Keras Sequential without providing input shape

The document The Sequential model has been updated in 2020/04/12. The section Specifying the input shape in advance clarifies this problem.

When you instantiate a Sequential model without an input shape, it isn't "built": it has no weights (and calling model.weights results in an error stating just this). The weights are created when the model first sees some input data:

import tensorflow as tf
from tensorflow import keras
from tensorflow.keras import layers


model1 = keras.Sequential(
    [
        layers.Dense(2, activation="relu"),
        layers.Dense(3, activation="relu"),
        layers.Dense(4),
    ]
)  # No weights at this stage!

for layer in model1.layers:
    print(layer.weights)  # Empty

# At this point, you can't do this:
# model1.weights

# You also can't do this:
# model1.summary()

# Call the model on a test input
x = tf.ones((1, 4))
y = model1(x)

# Once a model is "built", you can call its summary() method to display its contents:

model1.summary()

You could start your model by passing an Input object to your model, so that it knows its input shape from the start:

import tensorflow as tf
from tensorflow import keras
from tensorflow.keras import layers

model2 = keras.Sequential()
model2.add(keras.Input(shape=(4,)))
model2.add(layers.Dense(2, activation="relu"))
model2.add(layers.Dense(3, activation="relu"))
model2.add(layers.Dense(4))

for layer in model2.layers:
    print(layer.weights)

print(model2.weights)

model2.summary()

A simple alternative is to just pass an input_shape argument to your first layer:

model2.add(layers.Dense(2, activation="relu", input_shape=(4,)))

Models built with a predefined input shape like this always have weights (even before seeing any data) and always have a defined output shape.

At last, the document says:

In general, it's a recommended best practice to always specify the input shape of a Sequential model in advance if you know what it is.

Back to your question:

How does it know what shape to expect?

If no input shape is defined, the model will match the data it first sees.

x = tf.ones((1, 4))
y = model1(x)

model1.summary()

# Output
Model: "sequential"
_________________________________________________________________
Layer (type)                 Output Shape              Param #   
=================================================================
dense_2 (Dense)              (1, 2)                    10        
_________________________________________________________________
dense_3 (Dense)              (1, 3)                    9         
_________________________________________________________________
dense_4 (Dense)              (1, 4)                    16        
=================================================================
Total params: 35
Trainable params: 35
Non-trainable params: 0
_________________________________________________________________
x = tf.ones((3, 5, 10))
y = model1(x)
model1.summary()

# Output:
Model: "sequential"
_________________________________________________________________
Layer (type)                 Output Shape              Param #   
=================================================================
dense_2 (Dense)              (3, 5, 2)                 22        
_________________________________________________________________
dense_3 (Dense)              (3, 5, 3)                 9         
_________________________________________________________________
dense_4 (Dense)              (3, 5, 4)                 16        
=================================================================
Total params: 47
Trainable params: 47
Non-trainable params: 0
_________________________________________________________________

What is the default behavior if I don't provide an input shape? How will it affect my model?

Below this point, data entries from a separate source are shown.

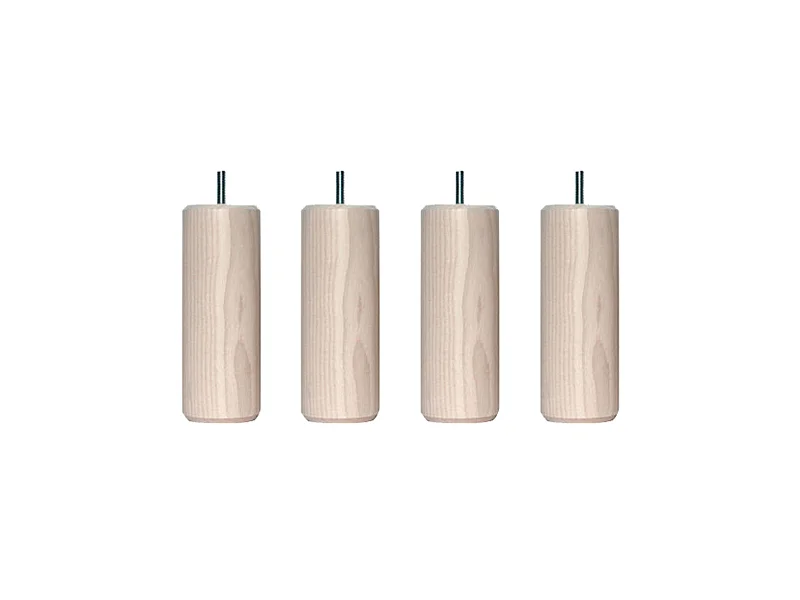 4 pieds cylindriques bois naturel avec veinage frêne blanchi 15 cm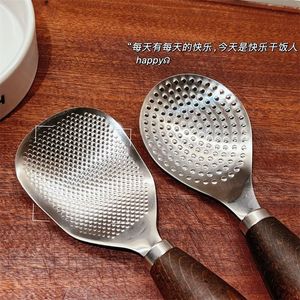 Cuillère à riz en acier inoxydable avec manche en bois, antiadhésive, pour cuiseur à riz, usage domestique, 2 pièces, couleur unie - Product Image 3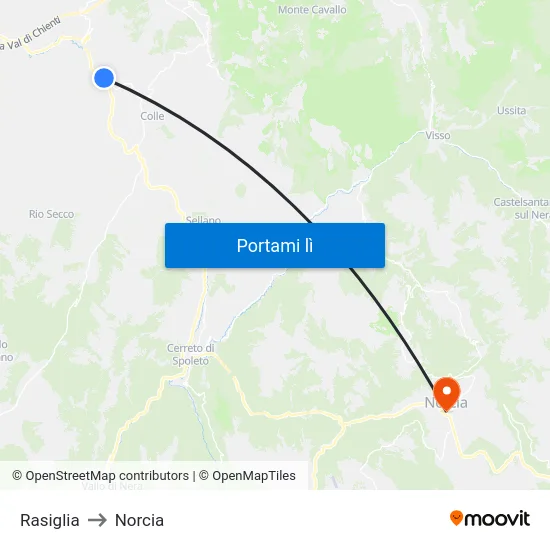 Rasiglia to Norcia map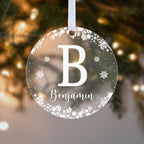 Personalised Initial & Name Christmas Bauble – White Snowflake Design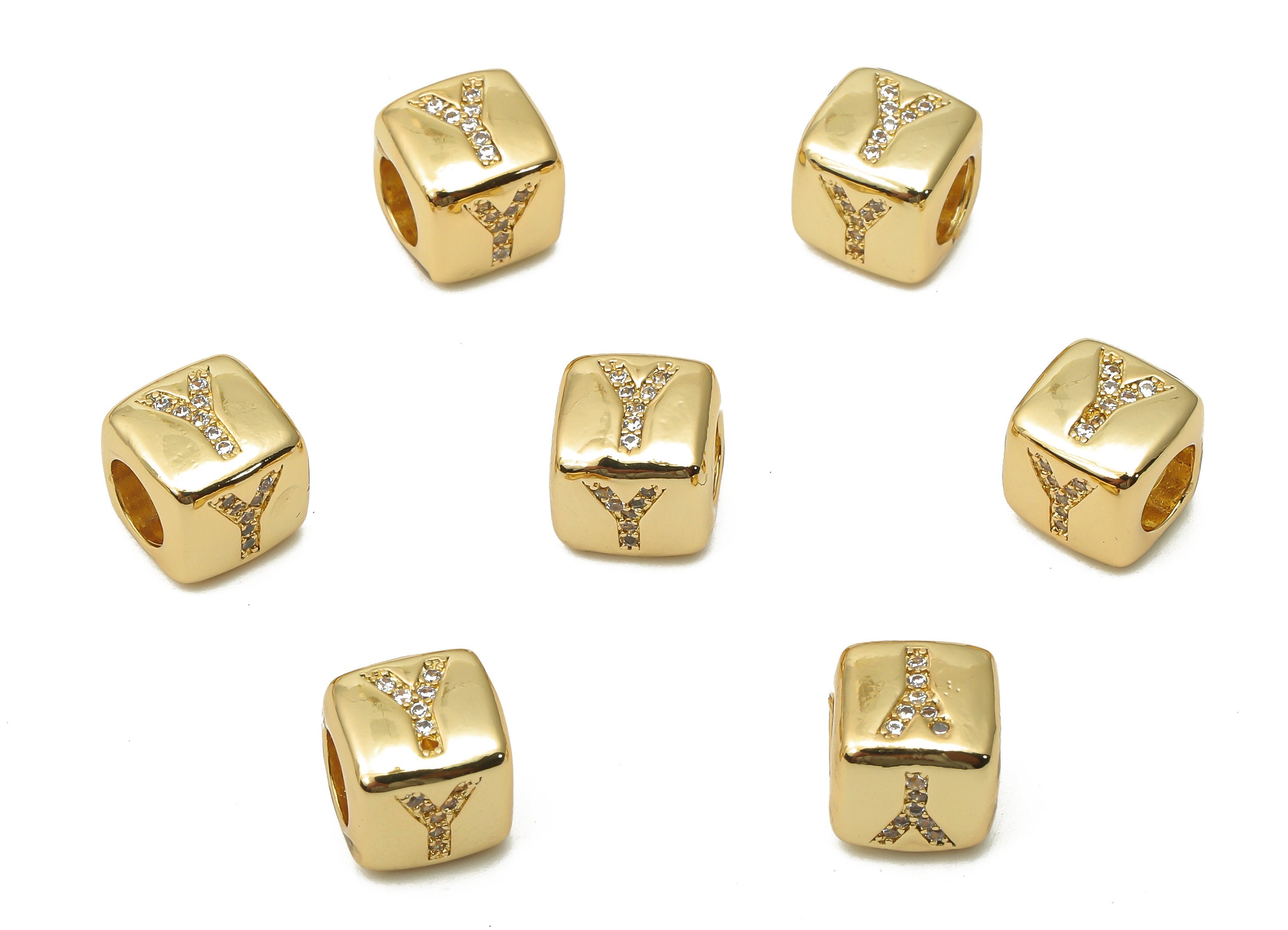 Alphabet Cube Bead Y With Zircon- Brass Initial Letters Y Beads Bracelet - Bead Necklace- 18K Real Gold Plated - 8.63x8.63x8.46mm - RGP4782Y - DOMEDBAZAAR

If you don't specify the input shape of model in advance, the model has no weights and you can't call model.summary() since it isn't built.


Nice observation - I believe the Keras documentation should be updated. When the input shape is not provided, Keras infers it from the argument x of Model.fit and only then it builds the whole model. Concretely, this is what's happening:

  1. When adding Keras layers in the Sequential model, since the argument input_shape (and, by extension, batch_input_shape) is never set, the attribute Model.inputs remains None (see Sequential.add).
  2. Then, in Model.fit, they check whether Model.inputs has been set (see Model.fit and Model._standardize_user_data) and, when it hasn't, they infer the input shape from the provided input array.
  3. Finally, in Model._set_inputs, they build the whole model with the inferred input_shape (see Model._set_inputs).

This can be verified by printing some weights (e.g. print(model.layers[0].get_weights())) before fitting the model. You will see that, when the argument input_shape or batch_input_shape is not provided to the first layer of the model, the weight's array is empty as the model is yet to be built.